Only God Could Pull This Off - (a brief history of QuadW Missional Internship)

How do we form missional leaders?

That is the question that led to the creation of what is now the QuadW Missional Internship. As I researched and questioned people around the country, the work of Forge and the writings of Alan Hirsch and Mike Frost came up repeatedly. It was late 2007. Hearing that Alan and Deb Hirsch were coming from Australia to launch Forge in the U.S. I began to harass Alan via email, asking for his help to launch missional training in our little corner of the world.  Alan was nice but Mobile, Alabama wasn’t what he had in mind for his initial launch site.  (I’ll give you a moment to overcome your shock.)  I conceded the point but shared my own experience of working among young people who were genuinely hostile, not just apathetic, towards the church and the Christian faith.  I had come to understand how much we had failed as the Church, and that the type of church leaders we had were not the types of leaders who could help us reach them.  In April 2008, I drove down to Orlando to meet with Alan before he spoke at the Exponential Conference there.  I left the meeting with his blessing to launch “an early Forge experiment” in the North American context.  Alan connected me to the Forge team in Australia and they graciously sent a giant box full of resources they had developed over many years.  We’ve been a part of what is now Forge America since (see 

The help from Alan and Forge eventually led to the launching of two related missional initiatives. One was a process that helped churches become less focused on themselves and more focused on their communities. The other was this internship opportunity for college students.  I shared my ideas related to college students with Johnny Peters, the Wesley Foundation Director at the University of South Alabama. Tapping into his experience, he really helped me think through what that might look like. It was important to me that we provide a stipend to make it possible for college students to participate. Johnny shared that he was part of a group that wanted to support mission experiences for young adults. That group was the “QuadW Foundation.”  When Johnny was in seminary at Perkins in Dallas, he worked as a youth pastor at Highland Park United Methodist Church. One of his students and friends was Willie Tichenor, who at 19 lost his battle with cancer. When it became clear that Willie’s treatment options had run out, he asked his family to support cancer research so that others might have options he didn’t. He also asked them to make transformative mission experiences possible for other young people, because those had played such an important role in his own life. To honor these requests, the “What Would Willie Want” or “QuadW” Foundation was established. The board members are Willie’s parents, brother, and closest friends. The Foundation was already funding cancer research and the internship idea was just the kind of thing they were looking to support. It was an amazing God moment. The QuadW Missional Internship program has grown through the years and has many supporters, but the QuadW Foundation has always provided the vast majority of the resources necessary for stipends and other costs related to the program. The program simply would not exist without their ongoing support and there aren’t words to adequately express our gratitude. Learn more about this group and their incredible work at

A Note About our Name Change. “Formerly 3.0.”  

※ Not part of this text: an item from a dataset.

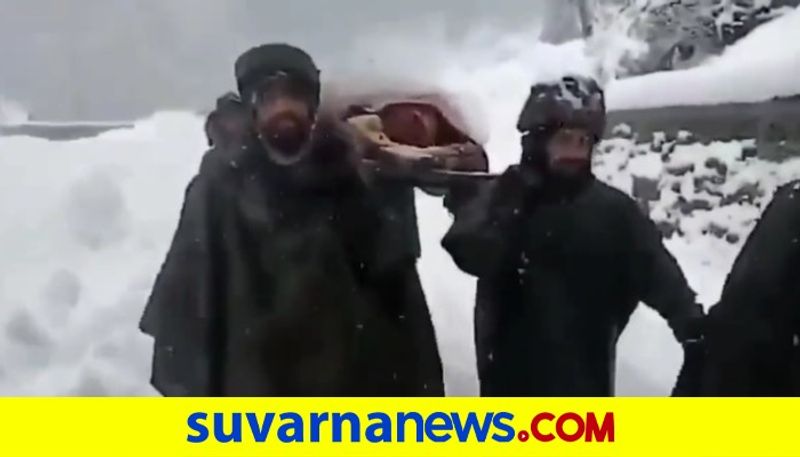 Indian Army comes to help pregnant womans rescue watch video akb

In our first years, the name for both the church training process and the internship for college students was “3.0 Missional Leadership Training,” or just “3.0.”  That name resulted from a fun conversation with Johnny Peters, as well. We are both United Methodist pastors, and the churches we were working with were United Methodists as well. In an email, Johnny suggested “Methodist 2.0” for a name. I responded that we could shorten it to “Meth 2.0,” advertise and have our meetings in a rough part of town, and take “missional” to a whole new level!  More seriously, I suggested it would actually be Methodism 3.0. We started as a missional movement that dramatically changed the culture (version 1.0), then we became much more institutionalized and inwardly focused (version 2.0), and now must learn to become missional again, but in a post-Christendom context (version 3.0).  Johnny emailed back, “What about just ‘3.0’?”  Genius! Within a few years, though, I asked the QuadW Foundation if we could change our name to “QuadW Missional Internship” to honor Willie and those who make all this possible.  They approved the request. Since the beginning, our goals remain exactly the same.   We want to help young people understand the Christian faith in a thoroughly missional way and encourage them as they become part of God’s transforming work in the world.  We want to serve God in struggling communities in a way that makes a long-term impact.  And, we want to partner with churches and agencies in those communities, helping them connect more deeply with their own neighborhoods and supporting their long term ministry goals there.

There’s a lot more that could be said, but this is essentially the story of how we came to be.  God has been so good to us and it has been a deep privilege to do my littlepart.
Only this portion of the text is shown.